SOURCE DATA>
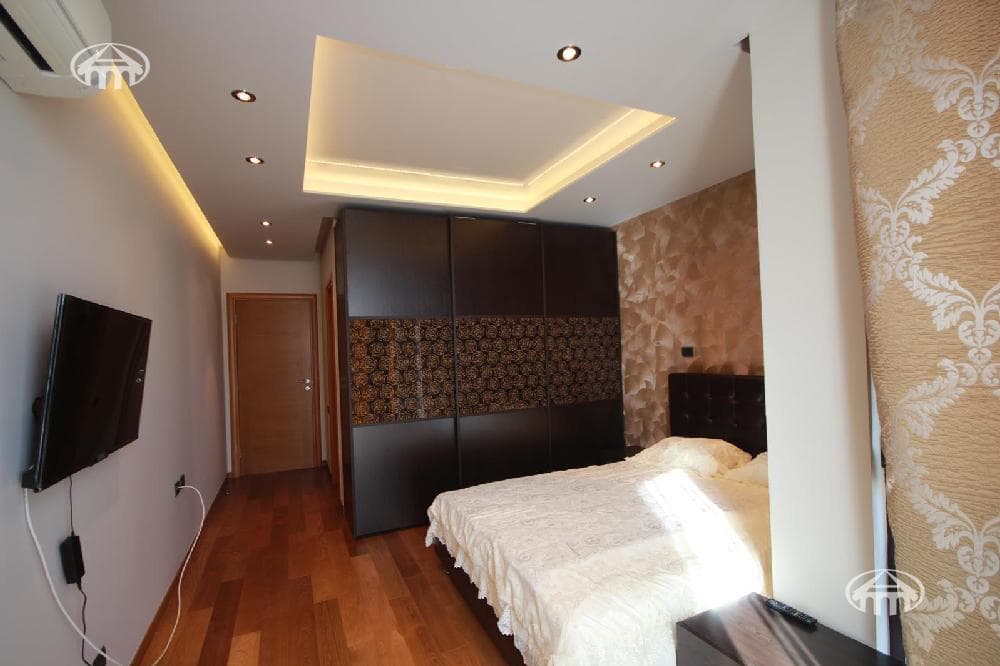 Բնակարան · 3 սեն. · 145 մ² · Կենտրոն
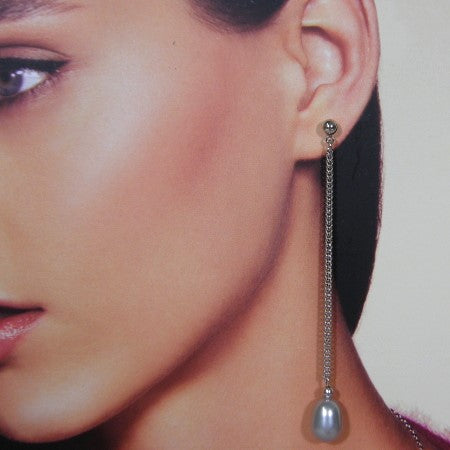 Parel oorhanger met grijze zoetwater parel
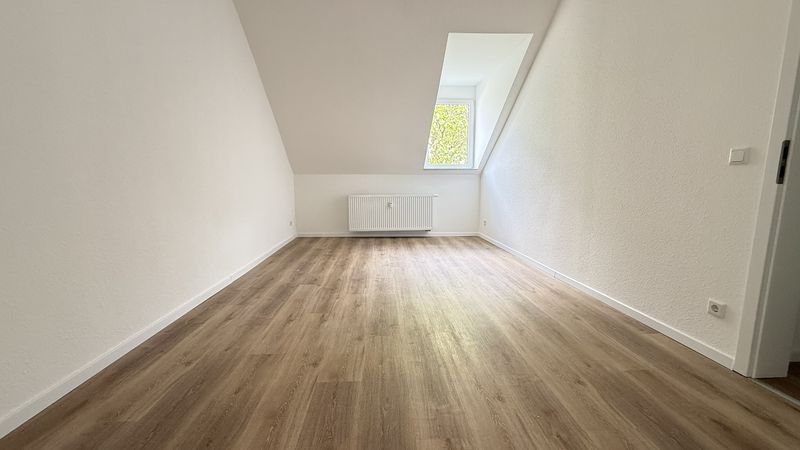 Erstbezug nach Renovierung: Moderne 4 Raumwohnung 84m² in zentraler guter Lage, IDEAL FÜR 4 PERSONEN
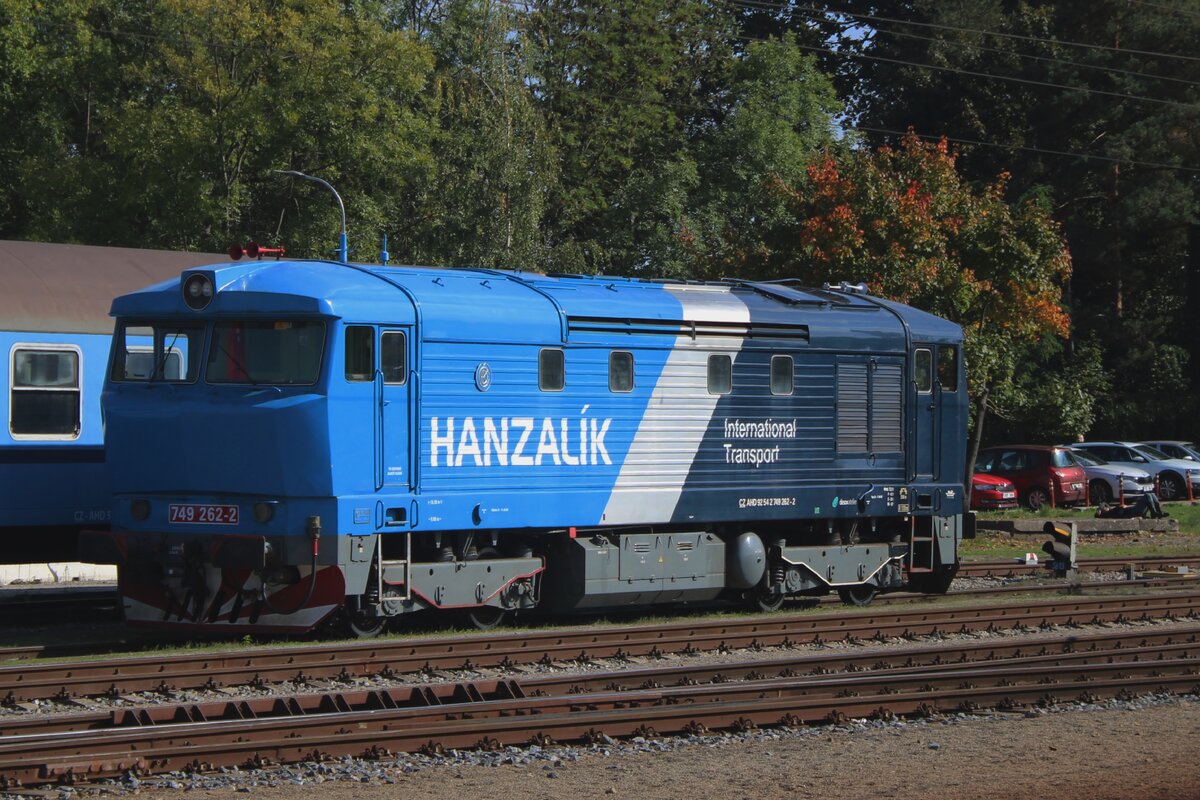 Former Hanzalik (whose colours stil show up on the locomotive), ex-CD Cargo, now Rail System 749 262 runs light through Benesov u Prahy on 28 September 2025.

ASSIGNMENT> Go through the lines above and write each one out verbatim, skipping the pictures.

YOUR RESPONSE>
 Բնակարան · 3 սեն. · 145 մ² · Կենտրոն
 Parel oorhanger met grijze zoetwater parel
 Erstbezug nach Renovierung: Moderne 4 Raumwohnung 84m² in zentraler guter Lage, IDEAL FÜR 4 PERSONEN
 Former Hanzalik (whose colours stil show up on the locomotive), ex-CD Cargo, now Rail System 749 262 runs light through Benesov u Prahy on 28 September 2025.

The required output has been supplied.